┌──

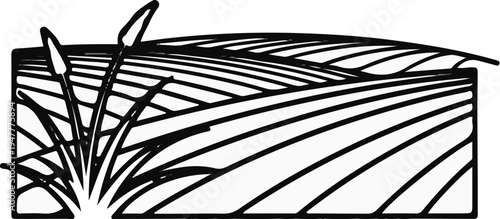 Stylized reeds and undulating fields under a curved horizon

└──
┌──

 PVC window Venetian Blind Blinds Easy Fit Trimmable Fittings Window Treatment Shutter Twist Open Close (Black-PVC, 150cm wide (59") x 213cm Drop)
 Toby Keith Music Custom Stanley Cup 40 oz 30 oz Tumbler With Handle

└──

Go to the line in the material above that contains "PVC window Venetian" and copy exactly from there through the line that contains "Toby Keith Music", stopping after it.

 PVC window Venetian Blind Blinds Easy Fit Trimmable Fittings Window Treatment Shutter Twist Open Close (Black-PVC, 150cm wide (59") x 213cm Drop)
 Toby Keith Music Custom Stanley Cup 40 oz 30 oz Tumbler With Handle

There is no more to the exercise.